* Task requirements: Once the line with "2025 Mercedes Benz GLC 350e 4MATIC photo 1" is found, write it out along with each later line exactly, through the end of the entries, skipping every picture.
==============================
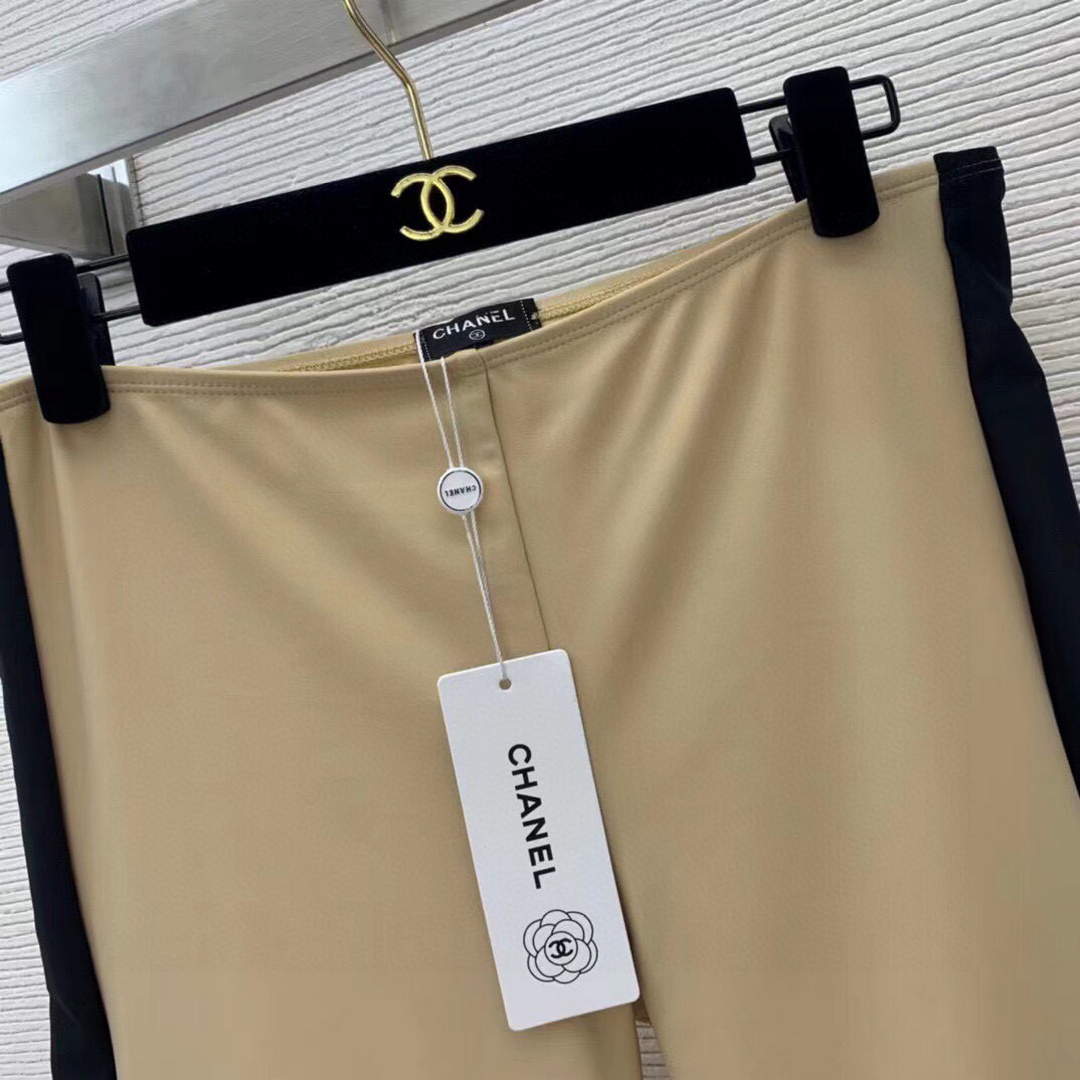 Chanel Women's Bikini Swimsuit Suit P72627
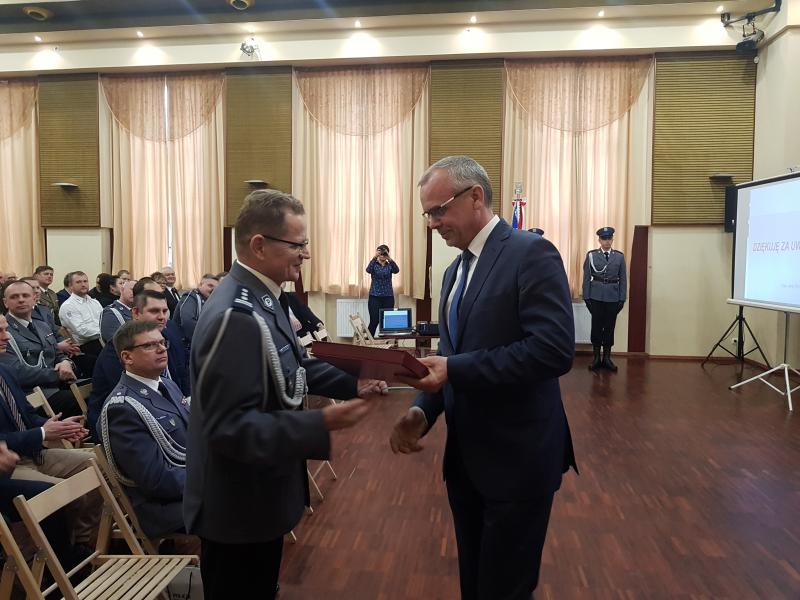 Odprawa Służbowa  i pożegnanie Komendanta Powiatowego Policji w Białogardzie - obszerna fotorelacja.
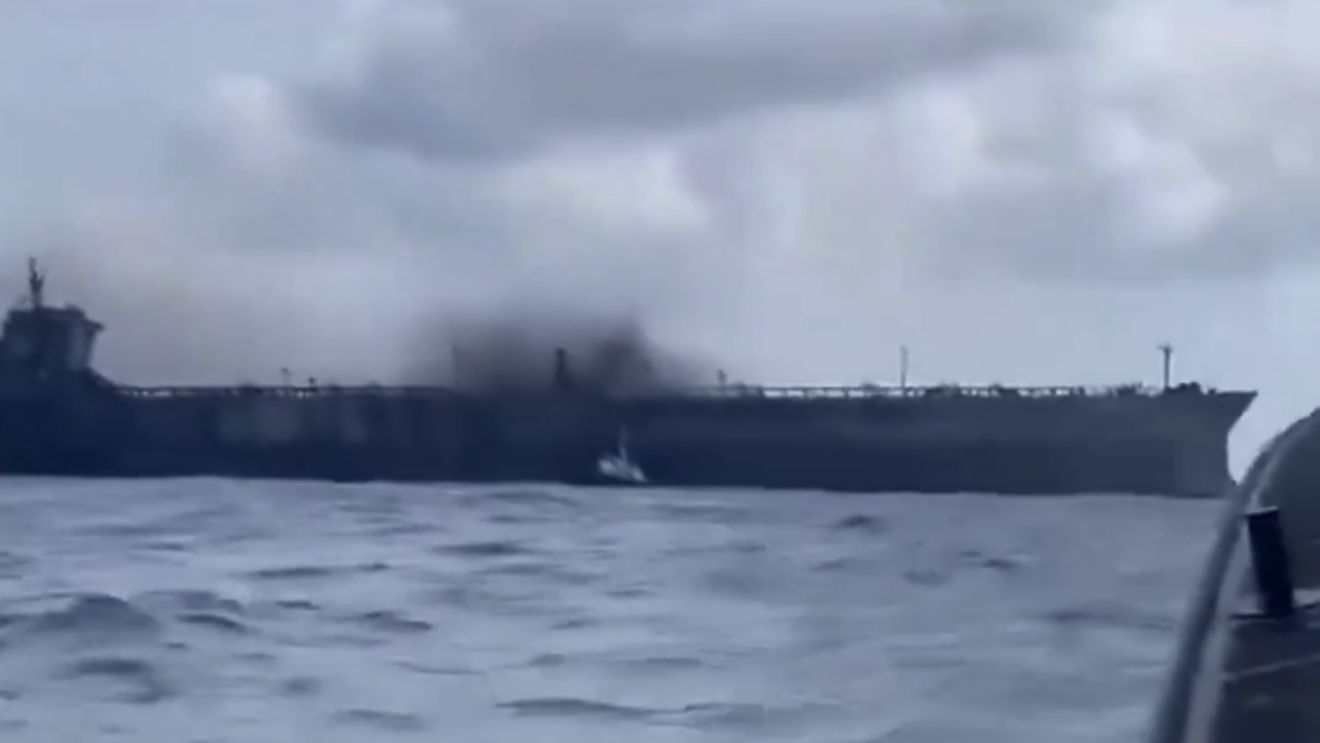 Două petroliere au luat foc după o coliziune în apropiere de Singapore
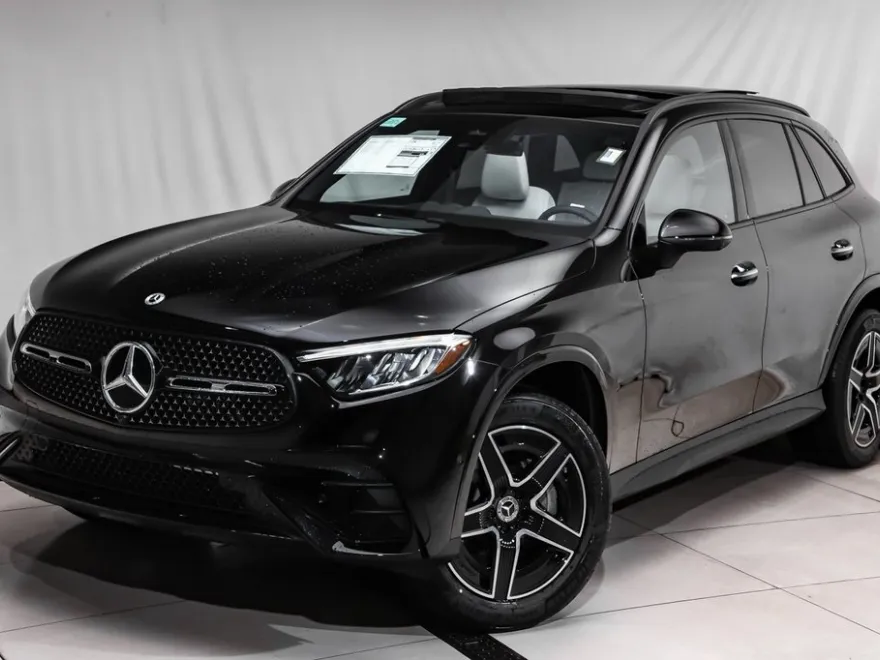 2025 Mercedes Benz GLC 350e 4MATIC photo 1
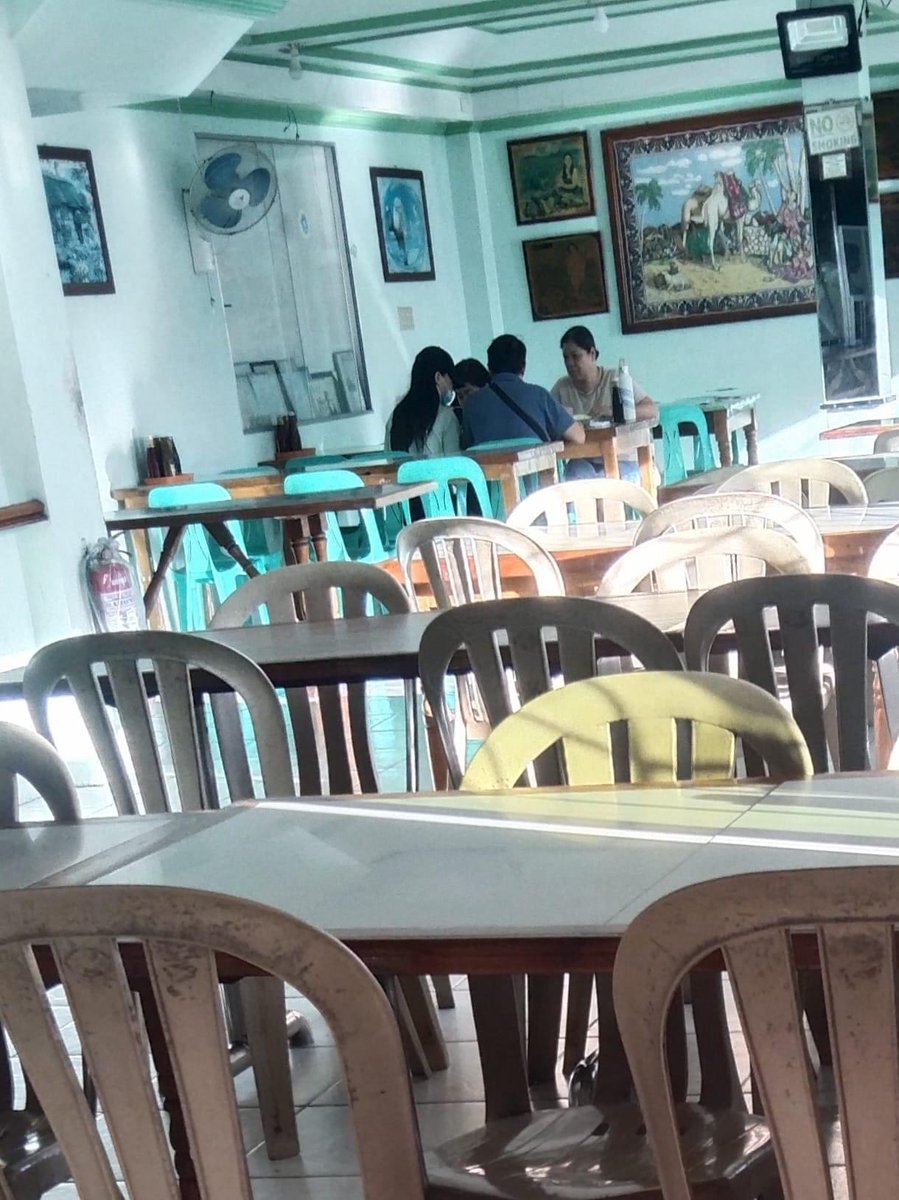 “Thank you ms. Kisses delavin and family 
Napakabait niyo 🤧❤️ ang ganda mo <a href="/KissesDelavin/">Kisses Delavin</a> ❤️🥺”

#KissesDelavin, Tita C and Tito G at Lita’s Seafood House 🩵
==============================
* Response to the task:
 2025 Mercedes Benz GLC 350e 4MATIC photo 1
 “Thank you ms. Kisses delavin and family 
Napakabait niyo 🤧❤️ ang ganda mo <a href="/KissesDelavin/">Kisses Delavin</a> ❤️🥺”

#KissesDelavin, Tita C and Tito G at Lita’s Seafood House 🩵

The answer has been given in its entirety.